Por estas e por outras, no meu ponto de vista, poderemos descobrir o porquê da nossa falta de autoestima; o determinismo redutor das capacidades individual e colectiva. Assim como se cultiva roendo unhas uma grande fragilidade patriótica.

E sobre a Pátria vou escrever e vou citando. Neste caso, Zeca Afonso que cantava “não sejas tão Castelhana” . E eu, como não sei cantar, apupo: não sejas tão Madrasta! Porque Aqueles esforçados Combatentes não eram mercenários. Eram, sim, pedaços de grande Gente que recebia uns poucos pesos e uns quilos de bianda.
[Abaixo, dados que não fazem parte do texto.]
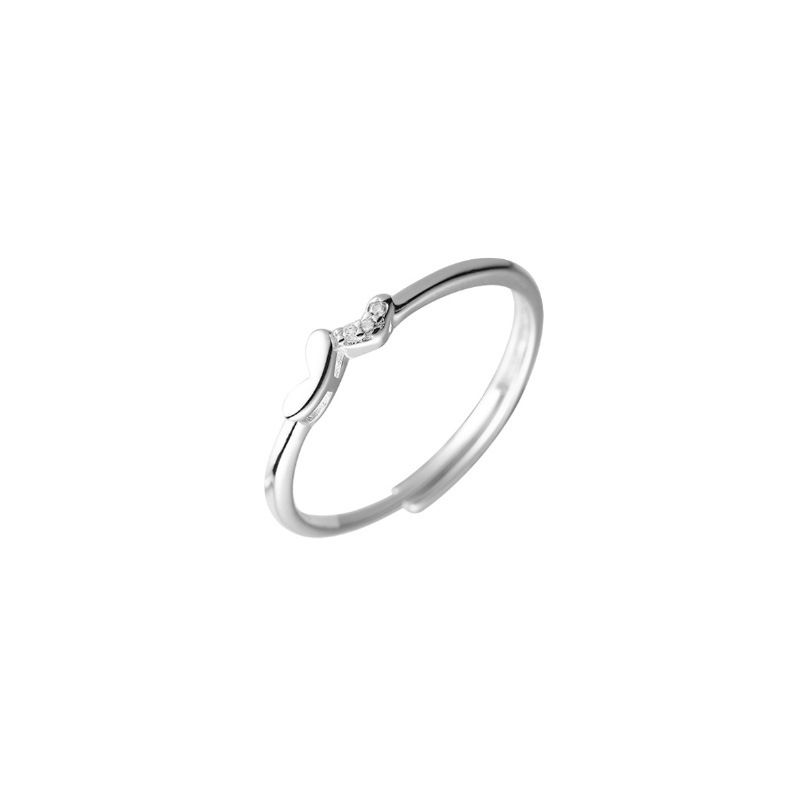S Pure Silver Irregular Diamond-Studded Heart For Women, Simple And Delicate, Unique Heart-Shaped Push-Pull Design Ring_voghion.com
Porque País não é o mesmo que Nação; então só lhe terá direito e direitos quem a defendeu quando necessário, e todo o outro que a dignificou. Logicamente, e óbvio não se pode tratar nunca semelhantes pessoas como números duma estatística comum da sociedade. Universalmente têm direito ao aplauso e ao respeito. Ao fim e ao cabo, oferecer-lhes uma existência digna.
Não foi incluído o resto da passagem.